Hi there,
Looking for a cheap(ish) carb balancer suitable for 40 DCOEs if anyone has got one they want to move on. Trying to sort the on-going saga of my
poorly running crossflow so now trying to verify the carbs are balanced.
PM me with details if you have one for sale.
Many thanks
Andrew
Hardly worth trusting a second hand one is it, they are dirt cheap new now
Link
Looks great thanks. Being able To see 4 at once would be helpful - apologies for the stupid question - will these work with DCOEs? I had always
envisaged something that measured from trumpet part.
If you think these will do the job on DCOEs I’ll get a set.
Thanks. Andrew.
Looks great thanks. Being able To see 4 at once would be helpful - apologies for the stupid question - will these work with DCOEs? I had always
envisaged something that measured from trumpet part.
If you think these will do the job on DCOEs I’ll get a set.
Thanks. Andrew.
Not selling, but I have a Morgan carbtune. See all 4 really helps as you can see how adjusting one affects the others.
Some carbs ( dellorto, bike stuff etc,) tends to have a vacuum take off which is ideal. Otherwise drill/tap the manifold to M5 or 6 and use MIG tips
as take offs, bolt after to plug.
If you want a single type, plenty of those about, even gunson. But the very best are the old Crypton Synchro Check.
I may have a Gibsons one kicking around the garage, will check later
Gunsons, not Gibson (flippin autocorrect)
I set the fireblade carbs up on the pinto with a differential manometer made from 6mm polyurethane air hose and a couple of t pieces.

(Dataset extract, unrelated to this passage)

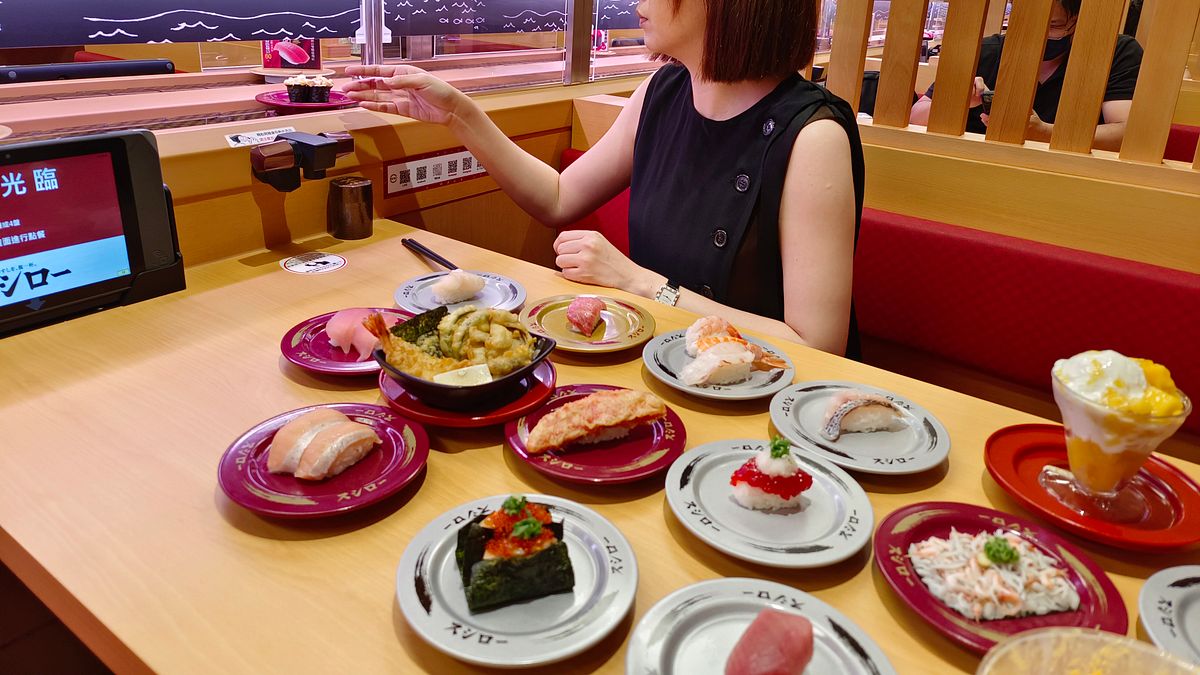 台灣壽司郎迴轉壽司,結合經典及創新口味打造特色人氣料理,價格平易近人。(資料照/徐炳文攝) 台灣壽司郎迴轉壽司,結合經典及創新口味打造特色人氣料理,價格平易近人。(資料照/徐炳文攝)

The mainfold vacuum is greater than 7 feet of water at idle (height of garage ceiling) and with a simple manometer to atmosphere, it was slurping all
the water out, so I set up a manometer with ends connected between 1 and 2, another between 3 and 4 so any pulsing would be out of phase to stop any
resonance, then ran another manometer between 2 and 3 to balance the pairs relative to each other. The whole setup is now balanced within about
1/2" of water overall, far better accuracy than the part to part variation of the calibration of cheap vacuum gauges and better resolution to
boot.
I cobbled it together with stuff I had in the garage, but buying the tube and a pair of t pieces, I can't imagine you'd be looking at more
than a tenner. It's cable clipped to a piece of 3x2 that sits with the wood store in the corner.